§ Work to complete
The listing below should be printed exactly, every line of it. Skip the pictures.

§ Material provided
+ + + +

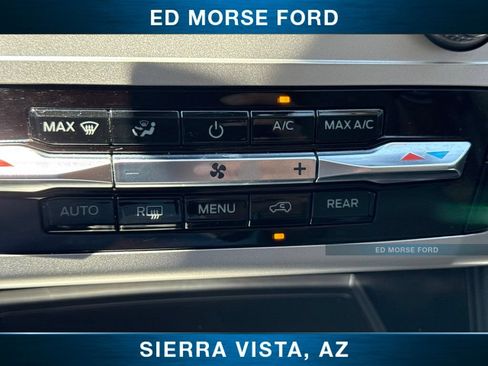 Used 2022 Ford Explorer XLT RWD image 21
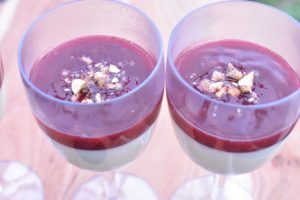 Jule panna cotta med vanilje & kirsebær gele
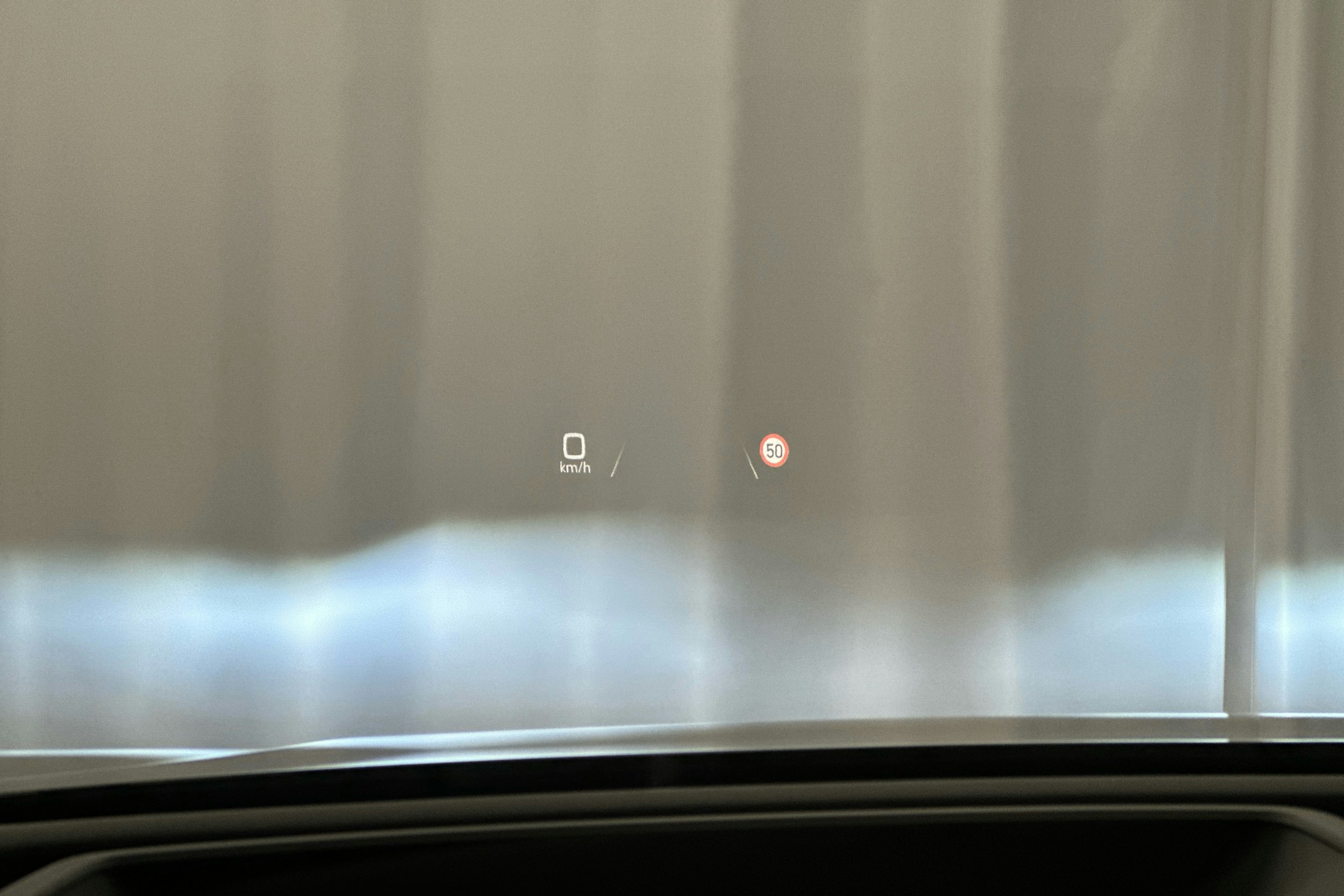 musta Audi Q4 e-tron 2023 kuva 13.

+ + + +

§ Solution to this task
 Used 2022 Ford Explorer XLT RWD image 21
 Jule panna cotta med vanilje & kirsebær gele
 musta Audi Q4 e-tron 2023 kuva 13.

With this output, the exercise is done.